*The task:* Could you give back exactly the lines below from the one with "全球轮回:我开启了上帝视角小说长篇小说" through the one with "Poliziano Vino Nobile", without a single picture?
*** Begin section ***
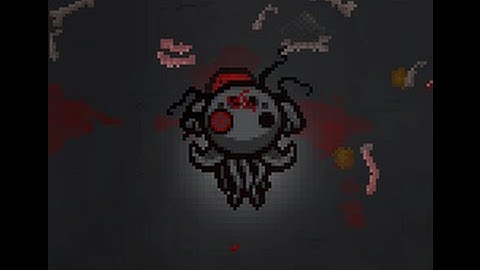 Breaking the Game: Binding of Isaac: Rebirth - Undefined Chest Trick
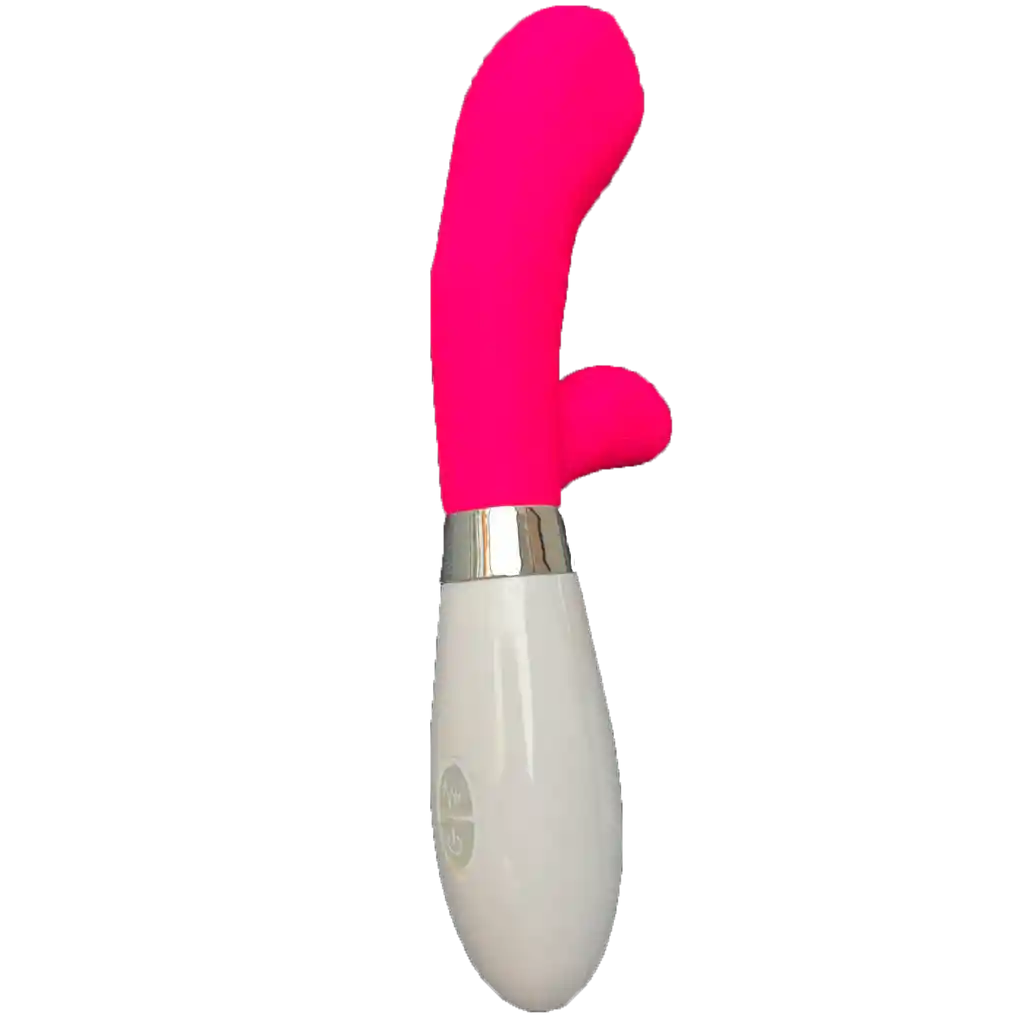 Vibrador 20cm Del Clítoris Dixie Multiorgasmico Femenino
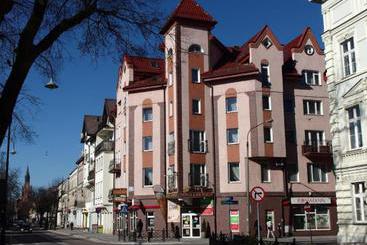 호텔 Villa Eden & Restaurant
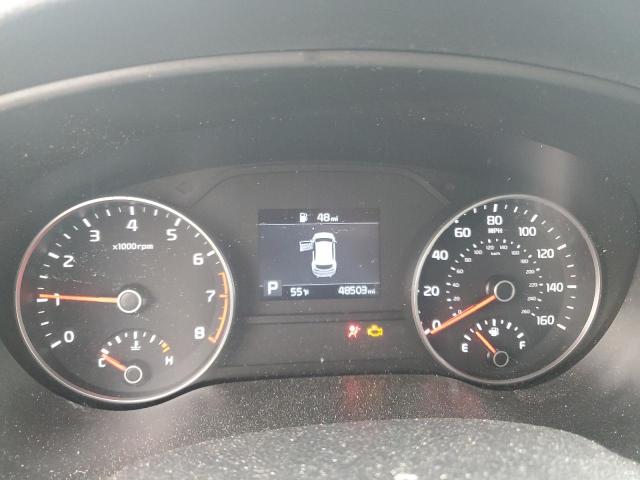 2022 KIA SPORTAGE E #3301602620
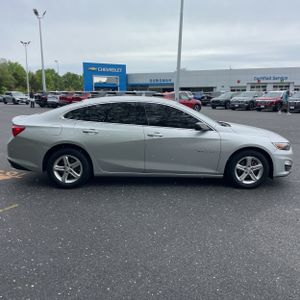 CHEVROLET MALIBU - 10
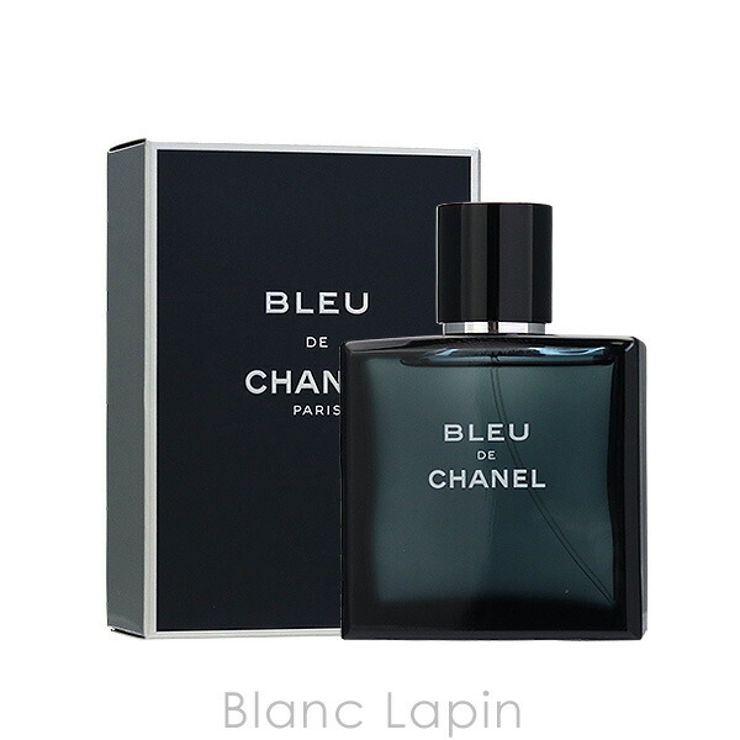 シャネル CHANEL ブルードゥシャネル EDT 50ml [074505][品番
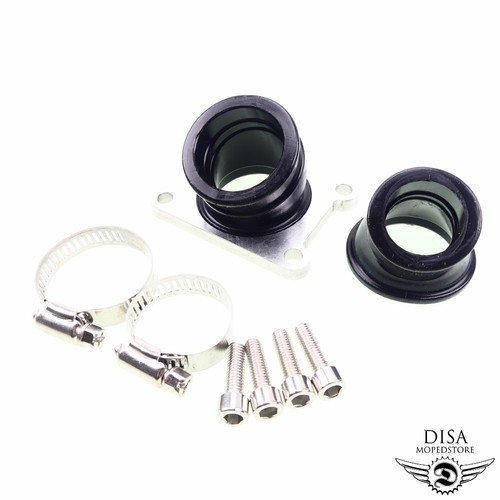Ansaugstutzen set 24mm und - ansaugstutzen,
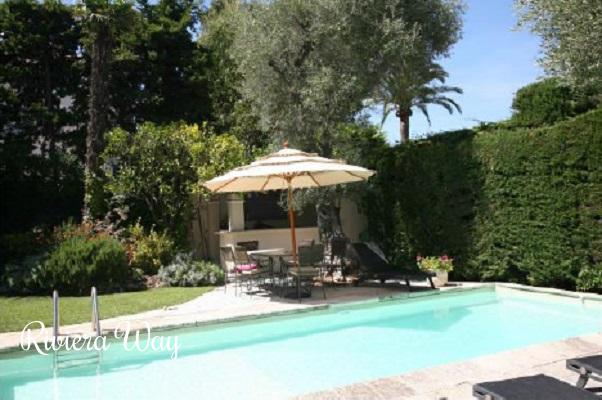 Villa in Cap d'Antibes, 220 m², photo #4, listing #63487788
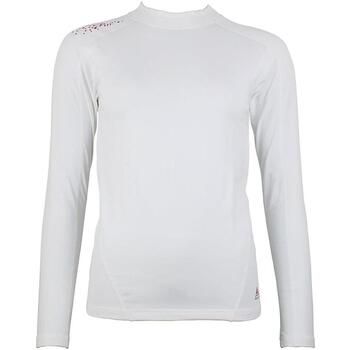 Peak Mountain Camiseta manga larga Top technique femme ANABI para mujer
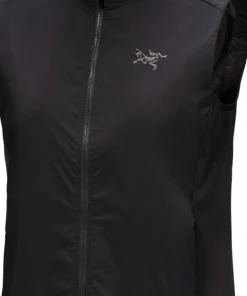 Arc'teryx Women's Atom Vest Black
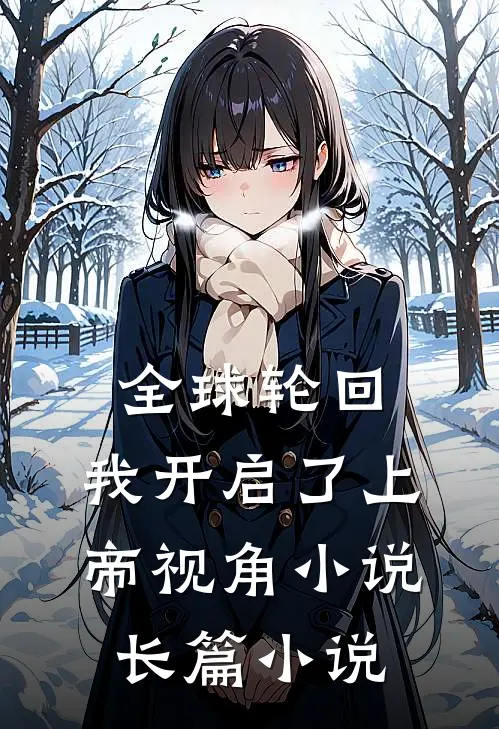 全球轮回:我开启了上帝视角小说长篇小说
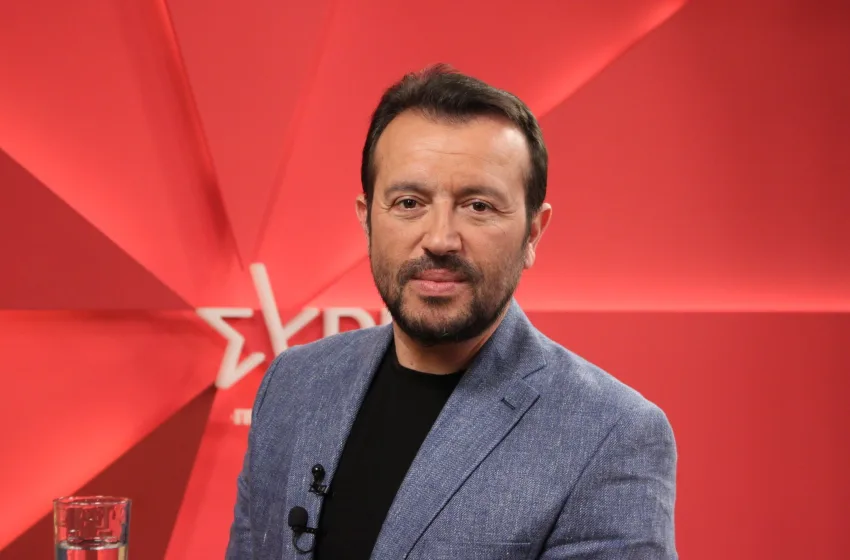  Επιμένει ο Παππάς: Να επικοινωνήσει ο Φάμελλος με τον Τσίπρα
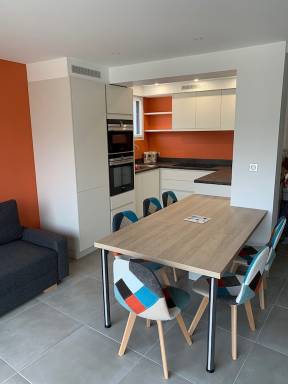 Appartement Marquise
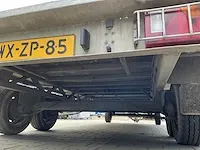 2008 hulco 3.500 kg schamelwagen - afbeelding 19 van  25
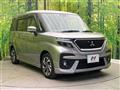 2023 Mitsubishi Delica D2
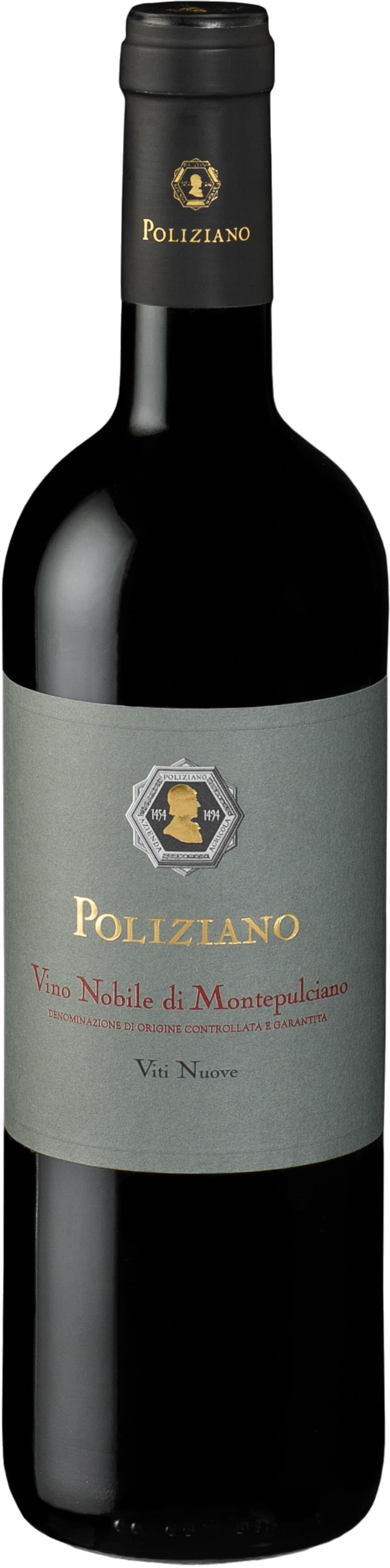 Poliziano Vino Nobile di Montepulciano docg 'Viti Nuove' 2021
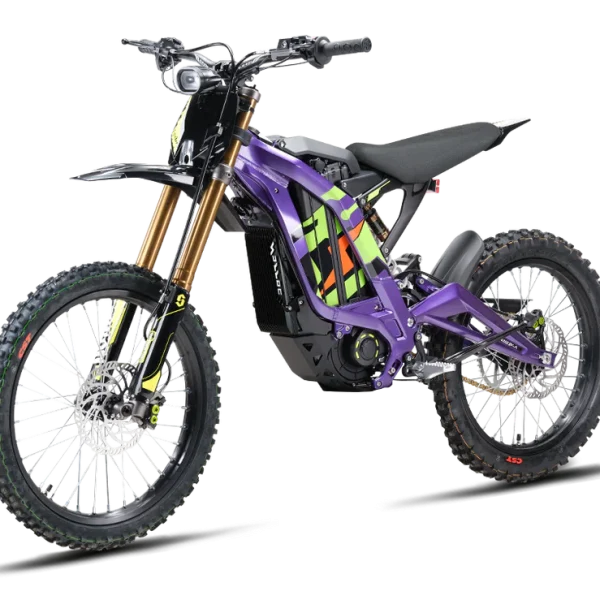 2025 Surron Light Bee X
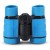 Snufeve6 Binocolo per Bambini Giocattolo binoculare a 3 Colori per Bambini(Blue Blue)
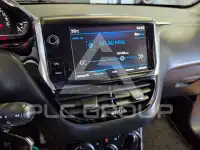 2017 Peugeot 208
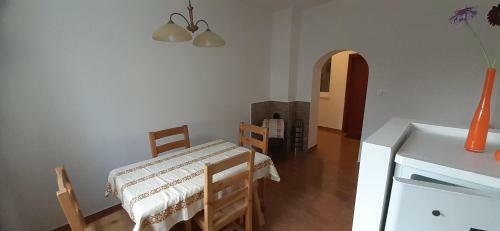 Apartamento Natalia Vendeghaz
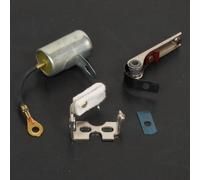 Condensateur Rupteur Allumage Rsm Pour Mobylette Solex Condensateur À Fil Neuf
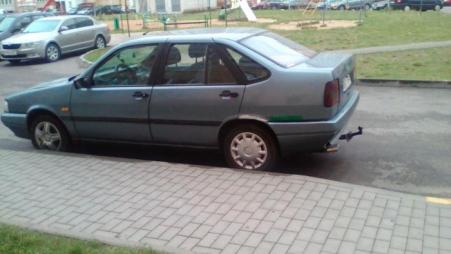 Fiat Прочие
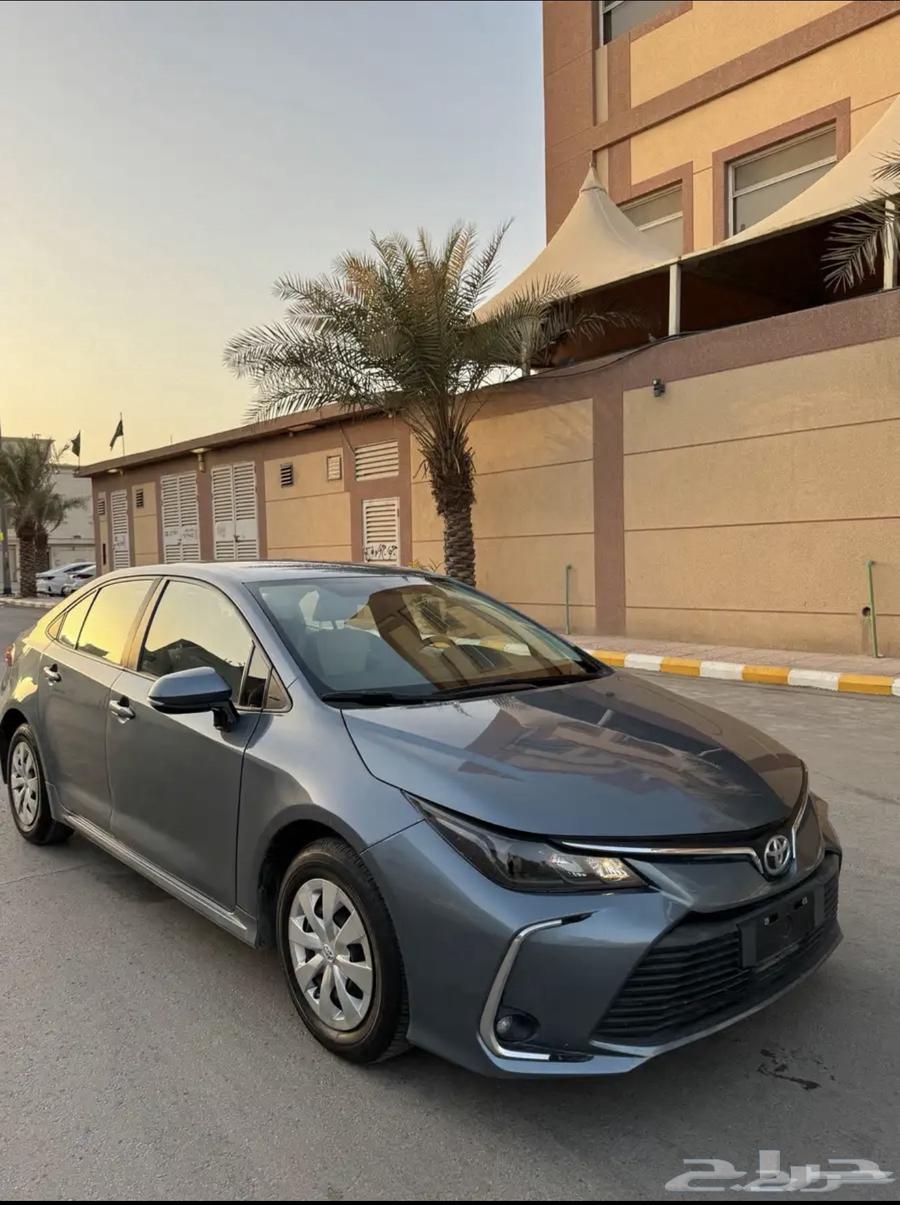 كورلا 2023 للبيع64429143359233110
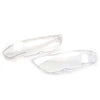BMW 5 Series E39 Transparent Headlight Lens Cover (1996-2003)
*** End section ***
*Finished task:*
 全球轮回:我开启了上帝视角小说长篇小说
  Επιμένει ο Παππάς: Να επικοινωνήσει ο Φάμελλος με τον Τσίπρα
 Appartement Marquise
 2008 hulco 3.500 kg schamelwagen - afbeelding 19 van  25
 2023 Mitsubishi Delica D2
 Poliziano Vino Nobile di Montepulciano docg 'Viti Nuove' 2021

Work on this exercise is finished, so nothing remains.